Without this context, readers can’t evaluate whether the HSPC’s challenges represent unique failures or common industry pressures. It’s like criticizing a restaurant for long wait times without mentioning they’re operating with half their usual staff.
I’m not defending the HSPC—I honestly don’t know enough about their operations to make that judgment. That’s precisely the point. Neither do readers of this article, despite its length and apparent thoroughness.
Real investigative journalism is hard work. It requires talking to people who disagree with each other. It demands documentation of serious claims. It means exploring alternative explanations for troubling patterns. It involves understanding the broader context that shapes institutional behavior.

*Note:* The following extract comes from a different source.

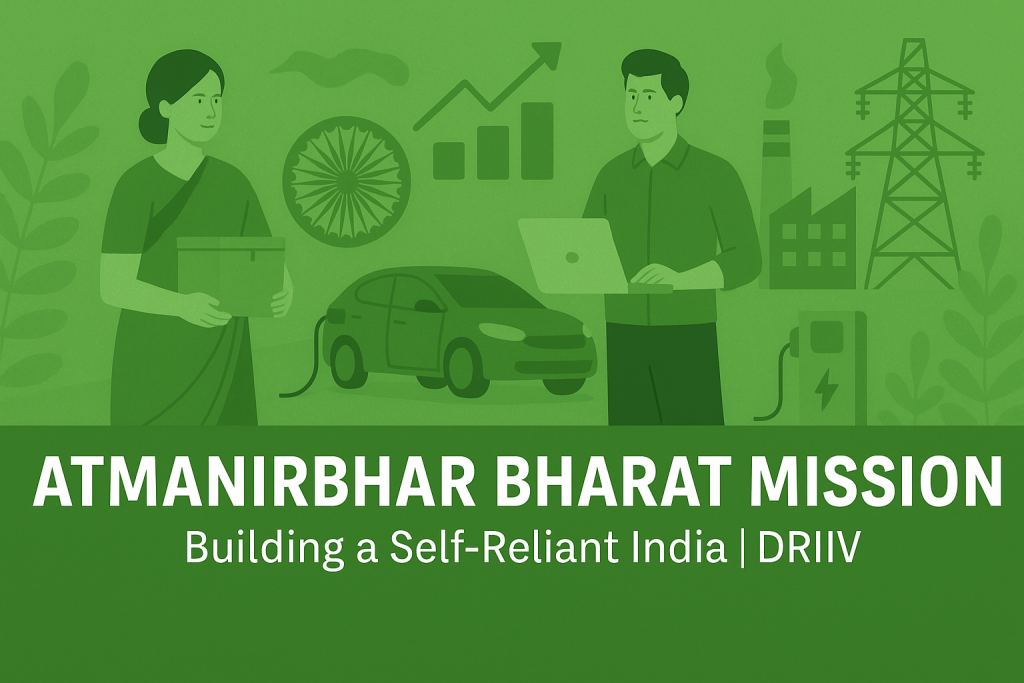 Atmanirbhar Bharat Mission: Building a Self-Reliant India | DRIIV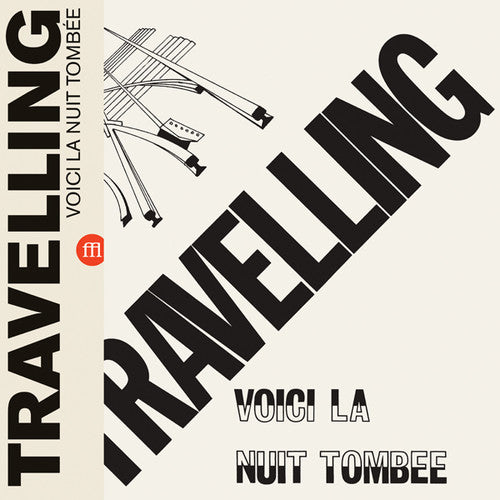 Travelling - Voici La Nuit Tombee - Vinyl Record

Most importantly, it requires intellectual humility—the recognition that initial impressions might be wrong, that simple explanations for complex problems are usually incomplete, and that fair reporting serves everyone’s interests better than sensationalism.
The animal welfare community deserves better journalism, not because organizations like the HSPC are above criticism, but because meaningful accountability requires meaningful investigation. When we abandon journalistic standards, we don’t strengthen oversight—we undermine it.
Readers deserve to make informed judgments based on verified facts and balanced reporting. Organizations deserve to be evaluated fairly, with full context and opportunity to respond. And our community deserves journalism that serves the public interest rather than manufacturing controversy.
That’s what was missing from this investigation, and that’s what concerns me most.